Пандора повернулась к нему с благодарной улыбкой.
— Вы были ужасно любезны. Надеюсь, я не слишком испортила вам вечер? И простите, что полезла не в свое дело.
— Я не совсем понимаю, что побудило вас затеять этот разговор.
— Наверное, шампанское, которого я чересчур много выпила, — она повернулась и чмокнула его в щеку. — Доброй ночи, Ноэль.
— А дверь не заперта?
— Конечно, нет. Тут двери всегда открыты.
— Я провожу вас.
— Нет. — Она остановила его, положив ладонь ему на локоть. — Не надо меня провожать. Поезжайте обратно. Возвращайтесь к Алексе.
Она вылезла из машины, захлопнула за собой дверцу. И пошла в лучах фар по насыпанному гравию и вверх по ступеням крыльца. Ноэль смотрел ей вслед. Вот открылись большие парадные двери. Пандора обернулась, помахала ему и скользнула в дом. Двери закрылись. И все.
Даже Том Драйстоун не может играть вечно. Отыграв два тура зажигательного «Герцога Пертского» и заключив их определенно не шотландской песенкой «Девушка в моем родном краю», он исторг из аккордеона протяжный, одышливый стон, поставил инструмент на пол у ног и объявил в микрофон, что уходит со своими ребятами ужинать. В ответ из публики раздались вопли разочарования и посыпался град шуточных упреков, но он остался тверд и повел взопревших музыкантов наперерез через танцевальный помост в направлении честно заработанной выпивки с закуской.
В наступившей тишине покинутые танцоры сначала растерялись, остановившись кто где попало, но тут же к ним из дома проникли аппетитные ароматы жарящегося бекона и свежего кофе, которые напомнили всем присутствующим, что их последняя трапеза была уже несколько часов назад, и начался общий исход желающих подкрепиться. Однако в пустеющем шатре на помост — экспромтом или действуя по инструкции хозяйки дома — взобрался молодой человек, сел за пианино и заиграл.
— Вирджиния… — Она уже почти поднялась по каменным ступеням, ведущим в дом. Оглянулась: это оказался Конрад. — Давай потанцуем.
— Разве тебе не хочется яичницы с беконом?

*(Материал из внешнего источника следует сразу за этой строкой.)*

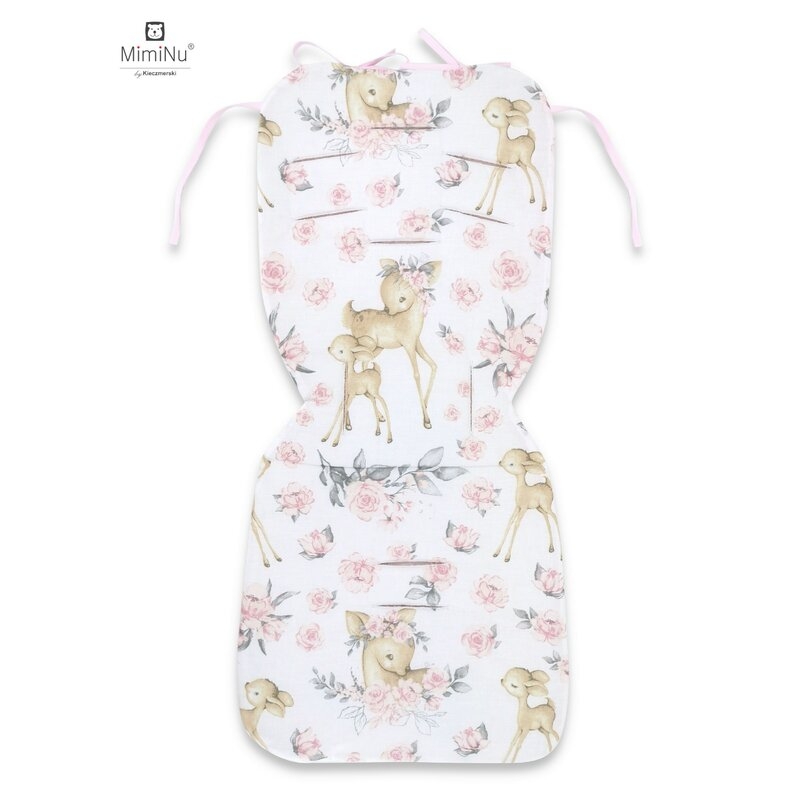 MimiNu - Salteluta pentru carucior, Reversibila, Cu doua fete, Din catifea matlasata si bumbac, Materiale certificate Oeko Tex Standard 100, Dimensiune 78 x 34 cm, Sweet Deer Pink/Pink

— Успеется. Слишком красивая мелодия.
Действительно, мелодия была чудесная — нежная, мечтательная, она проникала в самую душу, будя давние, иноземные воспоминания о модных ресторанах и полутемных ночных клубах, и о сентиментальных кинофильмах, после которых выходишь с мокрыми глазами и с комком раскисших бумажных салфеток в кулаке.
— «Я опять околдован».
— Ну, хорошо, — сдалась она. И шагнув вниз по ступеням, очутилась в его объятиях. Конрад притянул ее к себе, прижался щекой к ее волосам. Они танцевали, почти не сдвигаясь с места, едва замечая другие пары, которые тоже откликнулись на томительно-сладкие звуки фортепиано и вернулись танцевать.
Он сказал:
— Как, по-твоему, этот парень сумел бы сыграть «Так смотрит тот, кто любит»?

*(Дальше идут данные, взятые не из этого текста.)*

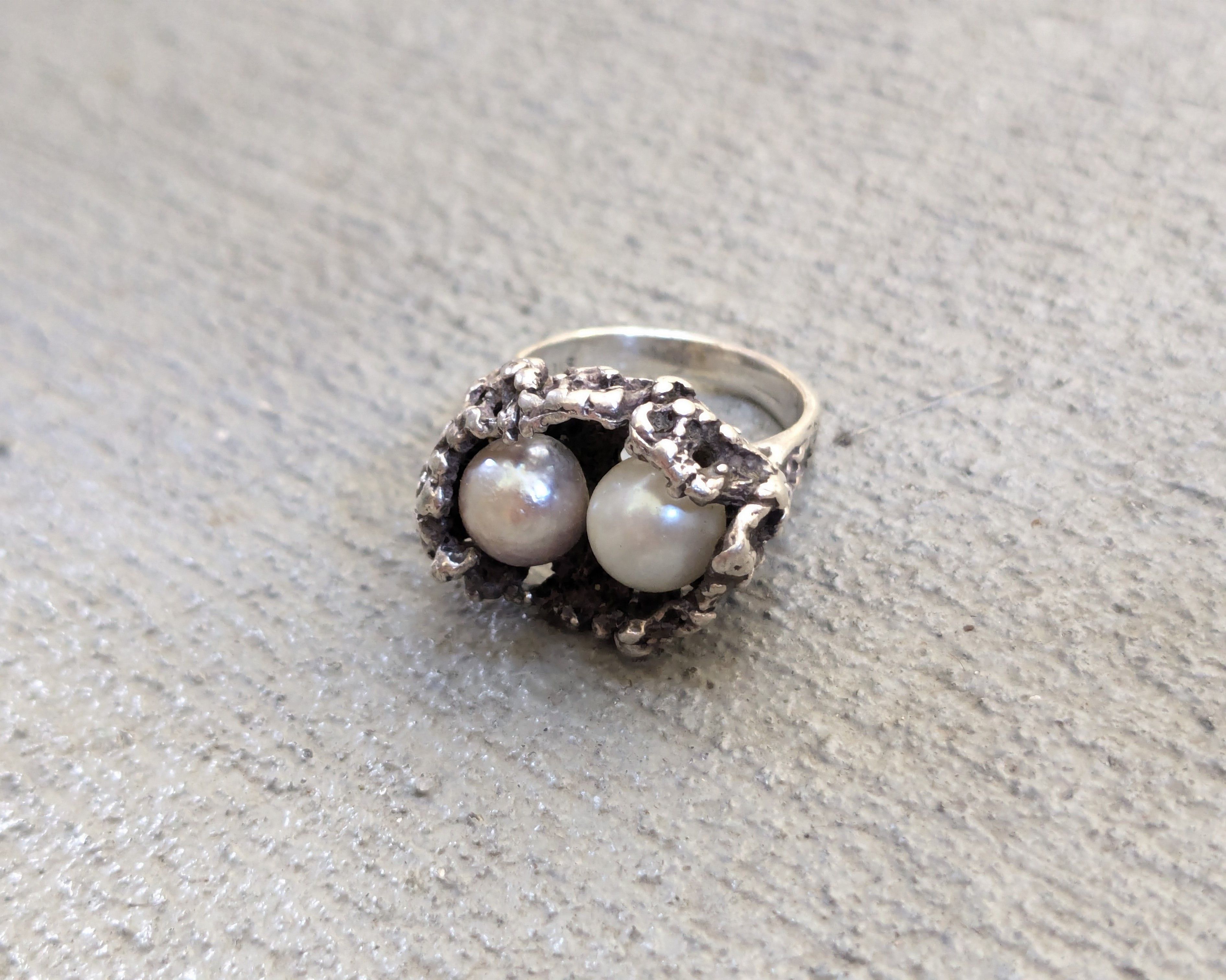Other Vintage Sterling Silver Ring Pearl Brutalist Modern Abstract Size ONE SIZE - 2 Thumbnail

Она улыбнулась своим мыслям.
— Не знаю. Можно его попросить.
— Чудесный бал.
— Ты замечательно танцуешь шотландские танцы.
— Кто овладел искусством танца в четыре пары, тому все по плечу.

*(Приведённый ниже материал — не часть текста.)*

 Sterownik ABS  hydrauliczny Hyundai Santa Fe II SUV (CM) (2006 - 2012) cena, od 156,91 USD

— Не скажи, тут нужна отвага.
— Интересно, теперь в Лиспортском клубе устраивают по субботам танцы до утра?
— Наверное. Новое поколение топчется в обнимку на террасе при свете звезд.
— Как мы с тобой сейчас.
Вирджиния сказала:
— Я никуда не еду, Конрад. Я не еду с тобой в Америку.
Она почувствовала, как шевельнулась у нее на спине, точно лаская, его ладонь. Заглянув ему в лицо, она спросила:
— Ты уже знаешь?
— Да, — вздохнул он. — Догадываюсь.
— Все изменилось. Генри опять дома. Мы объяснились. И все стало иначе. Мы снова вместе, Эдмунд и я.
— Я рад.
— Эдмунд — это моя жизнь. Я было потеряла его из виду, но он вернулся, и мы вместе.
— Я, правда, рад за тебя.
— И сейчас совсем неподходящее время оставлять его, чтобы съездить к старикам.
— Счастливец.
— Да нет, просто он особенный.
— И, кроме того, славный малый.
— Ты прости меня, Конрад. Что бы ты сейчас ни испытывал, я не хочу, чтобы ты думал, будто я использовала тебя в своих интересах.
— По-моему, все было и в твоих, и в моих интересах одинаково. Мы помогли друг другу. Нам обоим было худо. И как раз в нужную минуту рядом оказался нужный человек. Рядом со мной, по крайней мере, такой человек оказался. Ты.